Review: Strange Gods: A Secular History of Conversion, by Susan Jacoby

One of my favorite authors, who wrote the great Freethinkers: A History of American Secularism, has written another wonderful book that I believe should be foundational to any freethinker’s library, or any historian’s for that matter.

In Strange Gods, Susan Jacoby considers religious and ideological conversions, from those as famous as Augustines’s and Muhammmed Ali’s to the lesser known Margaret Fell’s and Peter Cartwright’s, in the wider context of the political and social circumstances of their times. From Augustine of Hippo, early father of the Christian church and author of Confessions and The City of God who converted from paganism to Manichaeism to Christianity, to Muhammad Ali, heavyweight boxing champion and activist who converted from Christianity to the Nation of Islam, to Sunni Islam, to Sufism, her book ranges mostly through the world dominated by Judaism, Christianity, and Islam after the turn of the first millennium CE. Jacoby explores the roles of the personal forces within and the forces of family, community, and the wider cultural, political, and religious shifts without, which led people to adopt new beliefs and in many cases, to spend the rest of their lives proselytizing for them.

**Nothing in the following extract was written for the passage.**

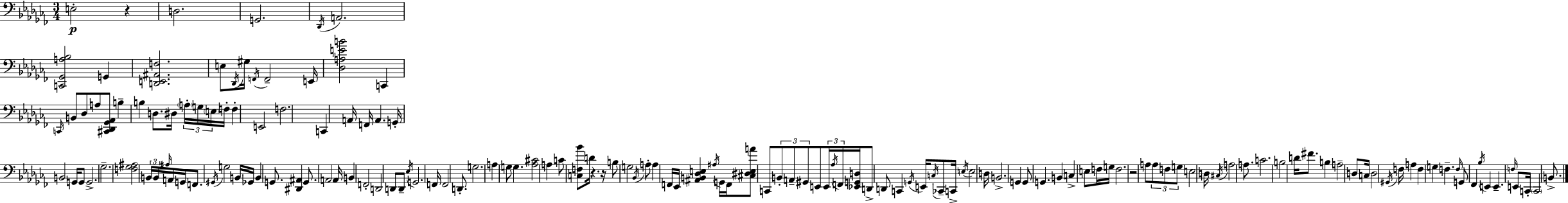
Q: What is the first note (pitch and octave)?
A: E3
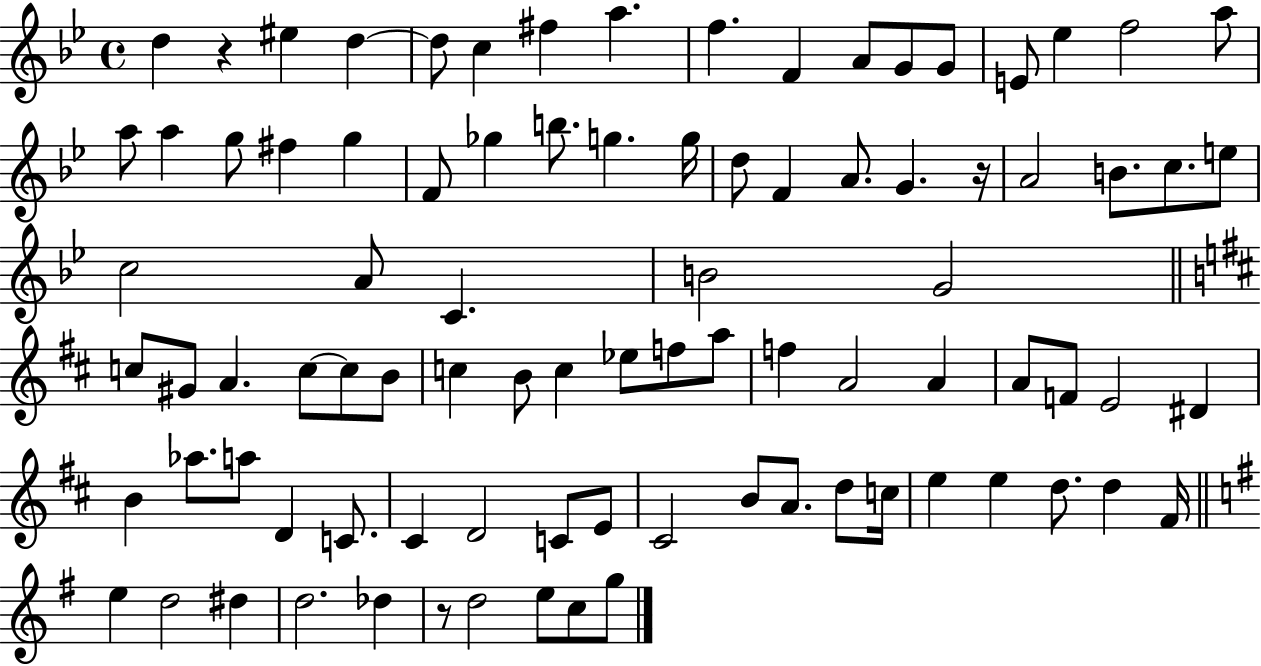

What a great idea for a book! Jacoby’s in-depth study shows us how stories of conversion not only offer invaluable insights into the transformative power of newfound belief on individual persons, but how it can affect the lives of those around them and of those who come after them, for good and for ill. She offers us an in-depth exploration of each conversion from a refreshingly secular viewpoint, free of partisanship and complete with associated circumstances, influences, and social dynamics. Since conversion stories are rarely explored outside of the context of the newly adopted belief system, we don’t often get a clear view of the significance of this experience for the converted as well as for the people around them. To those within a religious tradition, converts, especially those who become prominent spokespersons or martyrs, are offered as proofs of the validity and superiority of that particular faith, yet all belief systems have their own and hold them up in this same manner. To those outside of each given tradition, converts can be dismissed as lost or misled, or even considered hoodwinked, brainwashed, or traitorous. Jacoby’s treatment helps to reveal how much larger a story conversion is than the exclusively religious and personal event it’s so often considered, while retaining a sympathetic understanding of its meaningfulness in individual lives. In these pages, each conversion story is not only a rich psychological study, but a valuable history lesson as well.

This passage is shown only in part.